Hereabouts, great discoveries have been made of historic and pre-historic time. Dr Dawkins found an amazing number of bones and teeth of extinct animals, the very oldest collection from caves that had been found at that time. He discovered them at the Victory Quarry, Dove Holes. They included bones of the mastodon, sabre-toothed tiger, rhinoceros, and the elephant...here they are in this museum, the marks of the hyena's teeth plainly visible on the bones of these great animals.
Here also have been found flints and pebbles worked by the Stone Age men, jaws and teeth of men and animals, stones and flints from the Arbor Low circle nine miles away. With all these one may compare the fine and comprehensive collection of implements from all over the world given to the museum by F A Holmes, a tireless friend of the Peak and one of the first advocates as a National Park.
With it all is a collection of things from the Roman period...coins, brooches, vases, altars, quern stones, and a milestone which told the Roman traveller the number of miles to Brough, near Castleton at one time.
No visit to Buxton is complete without visiting their famous Opera House. Built in 1903 and designed by Frank Matcham, one of Britain's finest theatre architects, the Opera House ran as a successful theatre receiving touring companies until 1927. In 1927 the theatre was turned into a cinema, silent films were shown at first, and in 1932 the theatre was wired for sound and 'talkies' took over. The demand for live theatre persisted though, and in 1937 and again in 1939 summer festivals were presented here. Among the stars of those days performing here were Sybil Thorndike, Lewis Casson, Robert Donat, Anthony Quayle, Robert Morley, and Alec Guinness.
Towards the end of the 1970's the Opera House had fallen into sad disuse when it was lovingly restored in 1979 following dedicated work by many people, both locally and nationally. Since the completion of the restoration programme, Buxton Opera House has been at the centre of a remarkable success story. More than anything it has developed as a community theatre catering for wide-ranging tastes and becoming used by audiences and performers of all ages. Each summer it is the home to the Buxton Festival, which has developed into one of Britain's largest opera-based festivals.
The Opera House offers regular tours to those who are curious about what goes on back-stage, and there are certainly many fascinating facts that visitors will hear.
Although the Buxton Opera House is not the same size as The Paris Opera House, for example, it does nevertheless have its own ghost.
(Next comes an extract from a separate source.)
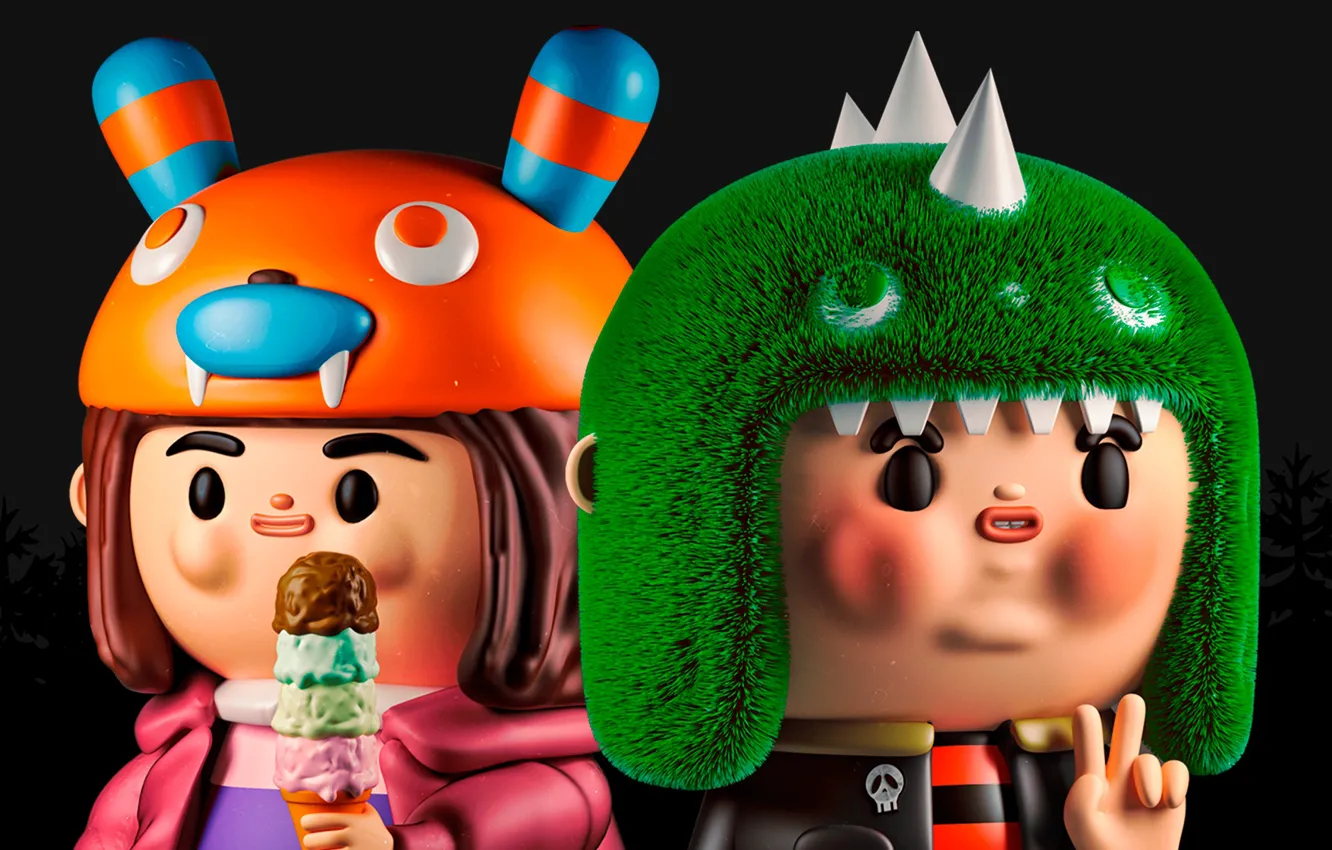 Photo wallpaper face, doll, ice cream, gesture, ChocoToy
Known as 'Keith', legend has it that in the 1930s Keith was pushed from the fly tower to his death twenty minutes into the second half. Staff and performers at the Opera House have often commented on the cold wind that seems to brush past them 20 minutes into the second half of a performance, whatever time of the day or night that may be!
The gritstone packhorse bridge at Three Shire Heads...where the counties of Derbyshire, Cheshire and Staffordshire meet can be seen near the A54 Congleton-Buxton road. At this charming spot by Panniers Pool, four packhorse ways meets to cross the River Dane. Packhorse trains...that is strings of up to forty or even fifty horses were the principal means used for the transport of goods from the Middle Ages until the seventeenth century.
The nearby village of Flash, which at 1518 feet above sea level is claimed to be the highest village in England, and depended on trade via the packhorse routes as the land hereabouts is poor. However the ease with which one could excape the law by crossing into an adjacent county at Three Shires Heads led to a certain notoriety for Flash, and its name was applied to the coining of 'flash' or counterfiet money by the inhabitants.